El fratricidio cometido fríamente por Trofonio no era inusual. Muy por el contrario, era común que los fundadores y arquitectos míticos y legendarios fueran hermanos, a menudo gemelos, que se enfrentaban en el momento de acometer su obra maestra. Uno siempre fallecía cruentamente. Era como si hubiera sido sacrificado, o hubiera entregado su vida en beneficio de la obra.
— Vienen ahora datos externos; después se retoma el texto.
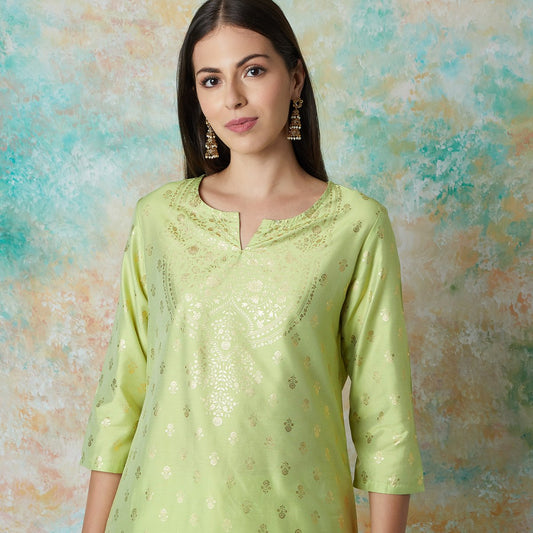 BHAYLI'S FOIL PRINTED GLAM STRAIGHT KURTA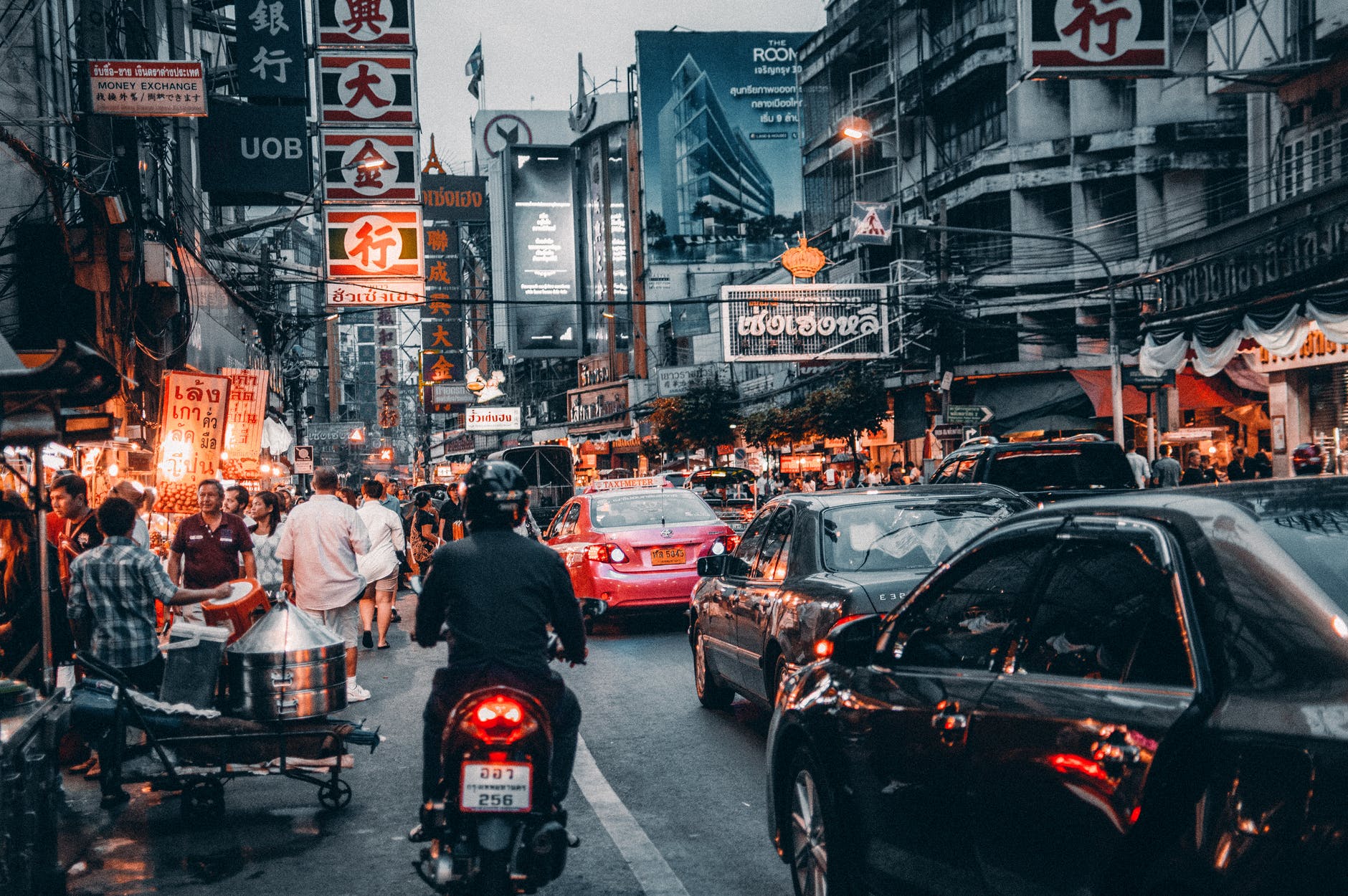 Bangkok Combien de temps vous faut-il économiser pour acheter un appartement dans les plus grandes villes du monde ?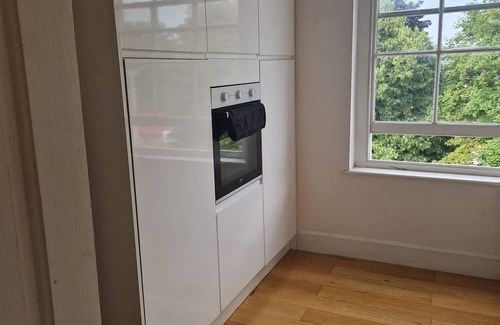 Grimsby Apartment | NEW! 2 Bedroom Central Grimsby, Flat 1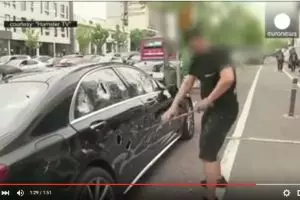 Kesal sering mogok, pemilik Mercedes Benz ini rusak mobilnya sendiri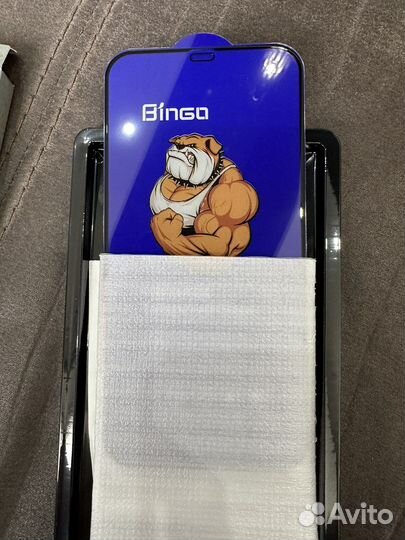 Защитное стекло на iPhone 12 pro max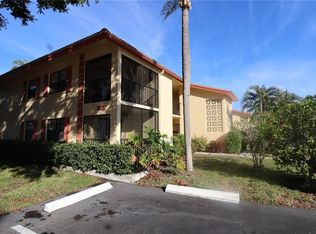 2515 Bayshore Gardens Pkwy APT 9, Bradenton, FL 34207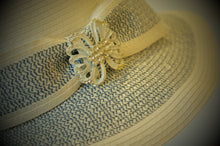 Load image into Gallery viewer, Fascinator hat
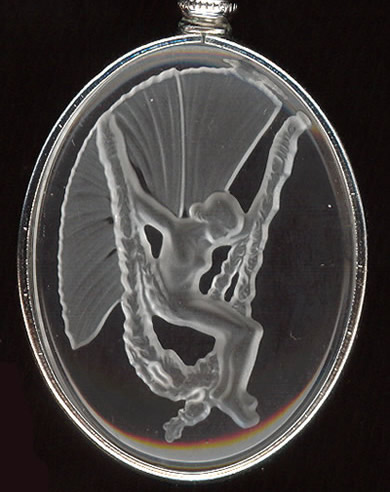 Figurine Se Balancant Rene Lalique Pendant Close Call Copy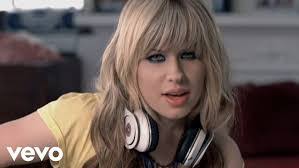 Karen Oneal's Instagram, Twitter & Facebook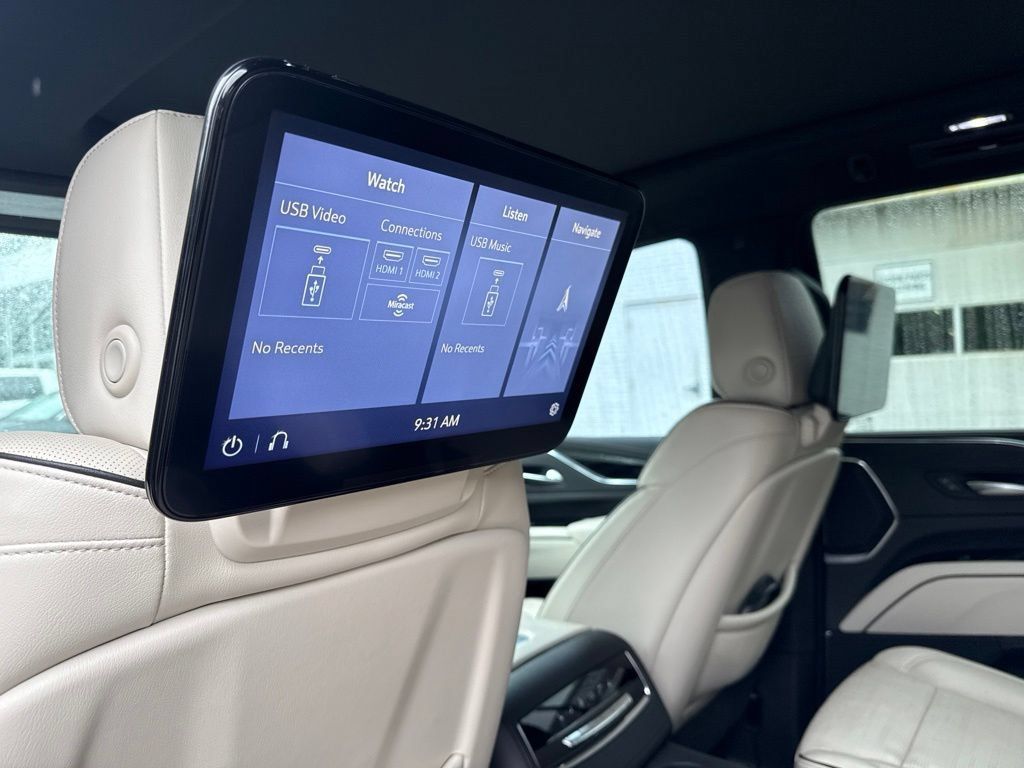 Used 2021 Cadillac Escalade Sport w/ Driver Assist Tech Package AWD/4WD image 21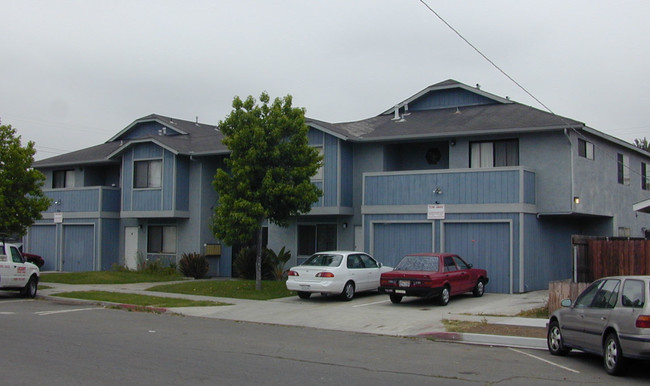 4375 37th St in San Diego, CA - Foto de edificio - Building Photo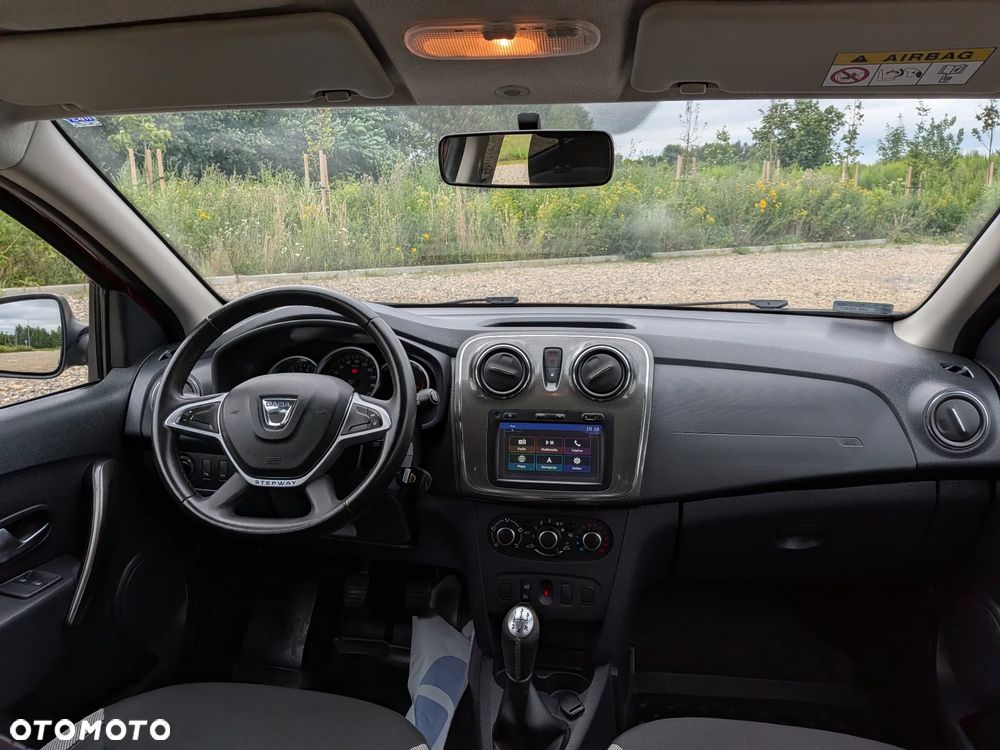 Dacia Sandero 0.9 TCe Laureate S&S EU6 - 6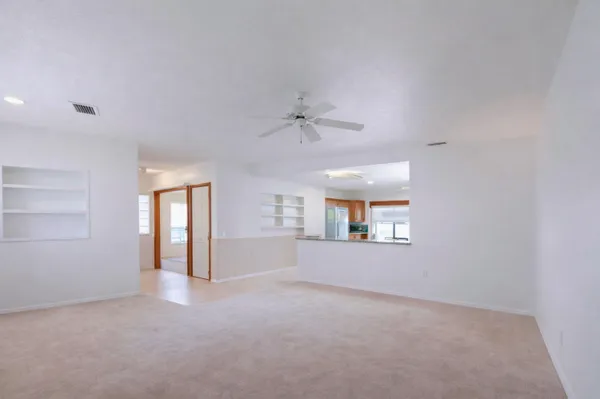 $525,000 | 680 Memorial Drive, Sebring, FL 33870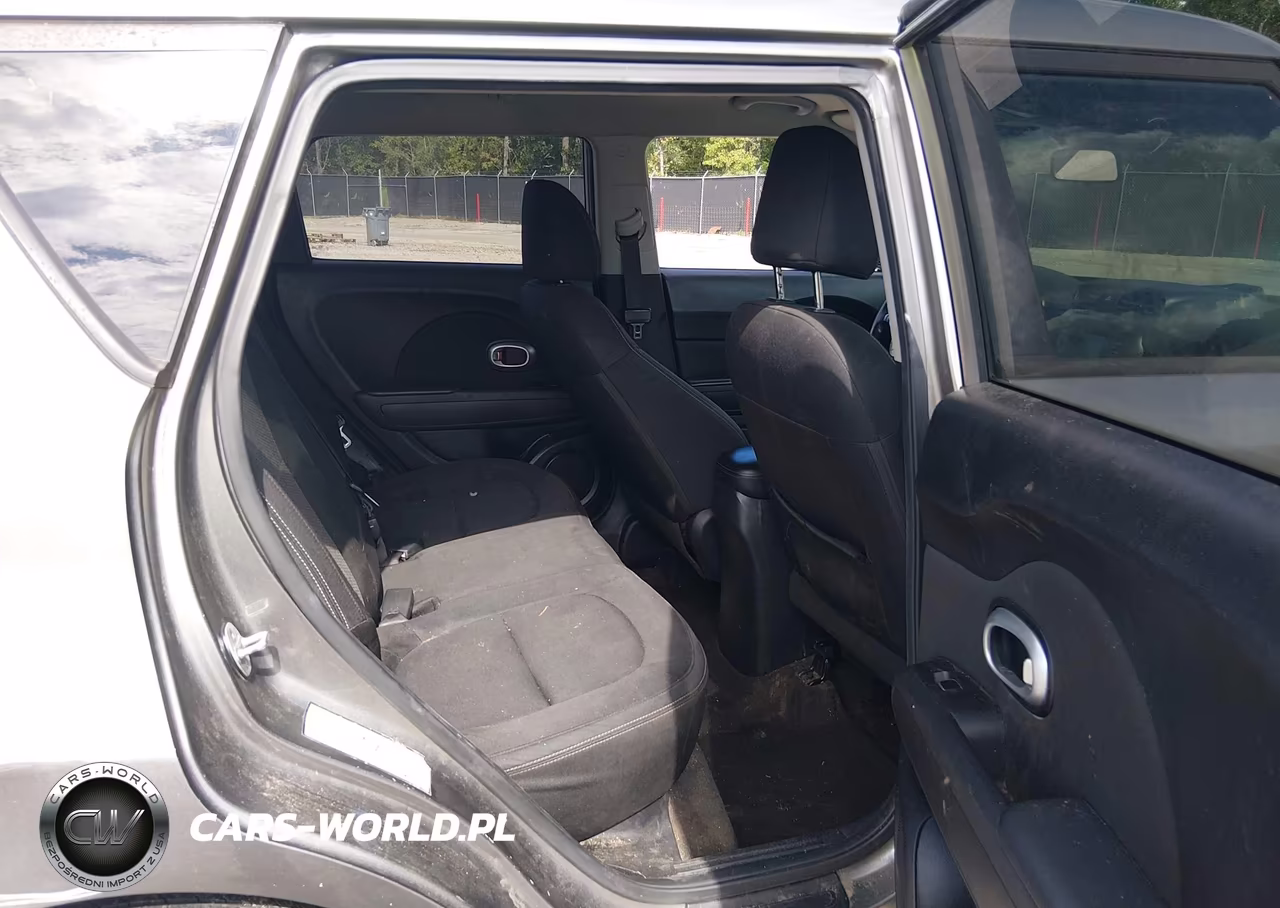 2018 Kia Soul + VIN:KNDJP3A51J7528067 - 8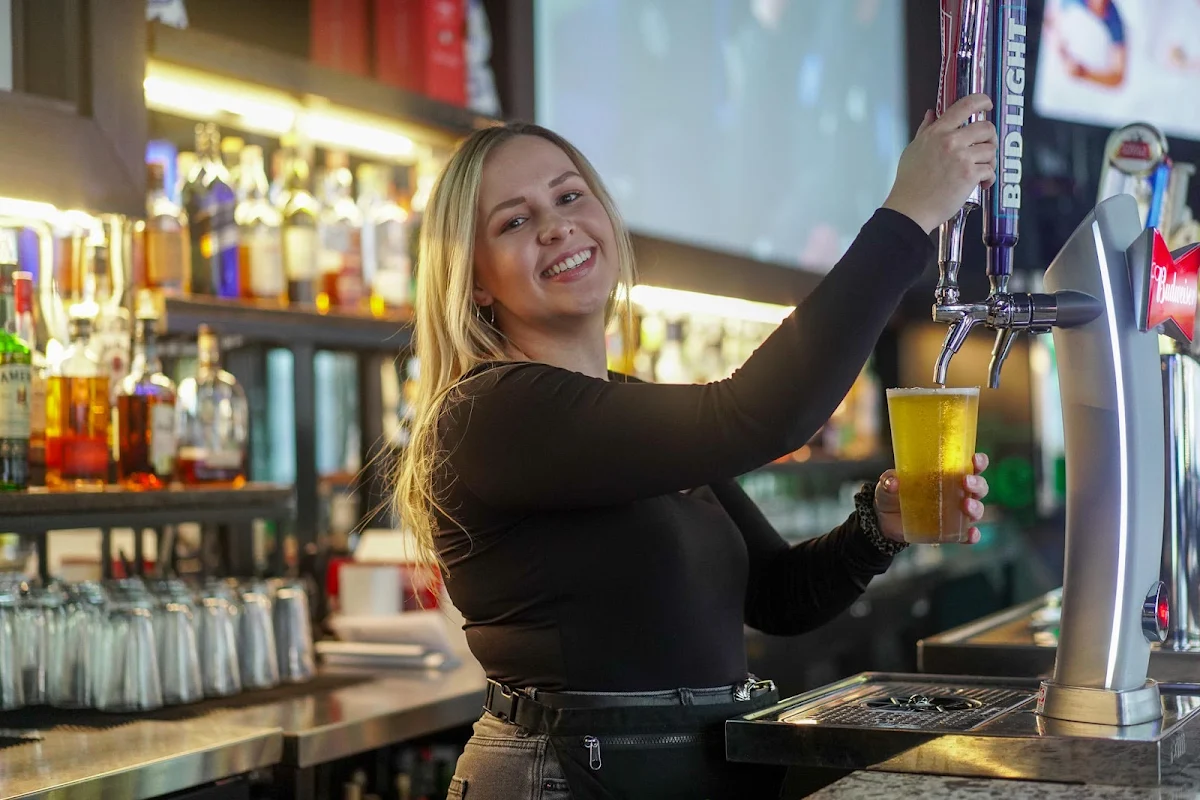 Vibe, The Squire Pub & Grill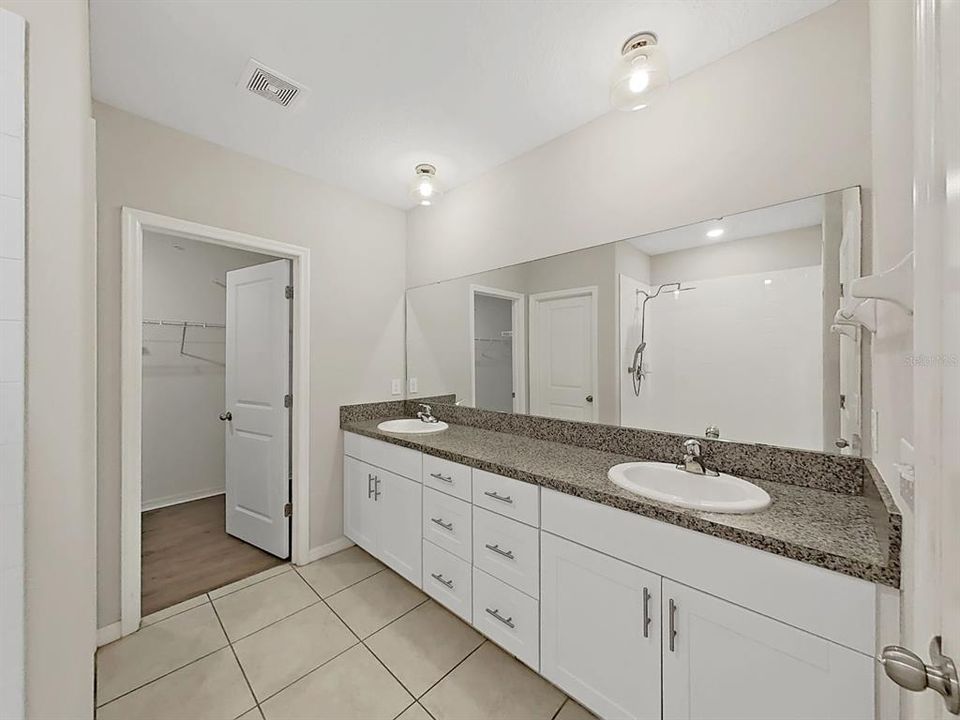 En Venta: $589,900 (6 camas, 3 baños, 3362 Pies cuadrados)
Desde luego, el crimen revelaba la mente retorcida -tan retuerta como lo que edificaban-, los sombríos pensamientos de los hermanos constructores. ¿Cómo no iban a ser unos seres complejos y decididos si lograban imponer una forma a la materia informe?; ¿si conseguían domesticarla, reducirla, transformando el mundo salvaje en un espacio apto para la vida civilizada?
El crimen de Trofonio fue el preludio de la instauración de su santuario. Quien moraba en su interior era el propio héroe. Desde la cámara más recondida educaba, iluminaba a los iniciados que habían logrado sortear, como en un rito de paso, todos los obstáculos con los que se habían enfrentado: la oscuridad, la pérdida de referencia, lo angosto del pasadizo, el encuentro con animales mortíferos cono serpientes.
Apollo ordenó el mundo. Los mortales, siguiendo las sendas que Apolo trazó, pudieron orientarse sin perderse, salvándose de la selva que es el mundo. Pero, antes, Apolo tuvo que enfrentarse a monstruos caóticos, como Pitón, la gran serpiente ancestral que reinaba en Delfos. Del mismo modo, Trofonio pudo orientar a quienes le imploraban que les iluminase. La luz que les ofrecía, sin embargo, había sido conquistada tras su victoria sobre las tinieblas que su crimen había plasmado.
Los arquitectos, como los verdaderos artistas, son poetas, son profetas. Son conocedores del mundo de la noche. Construyen, ciertamente. Edifican. Es decir, educan a los mortales enseñándoles el verdadero camino, aquél que les llevara a "buen término". Pero, antes, han tenido que cargarcon el crimen de haber vencido al caos -y a los monstruos que siempre acechan.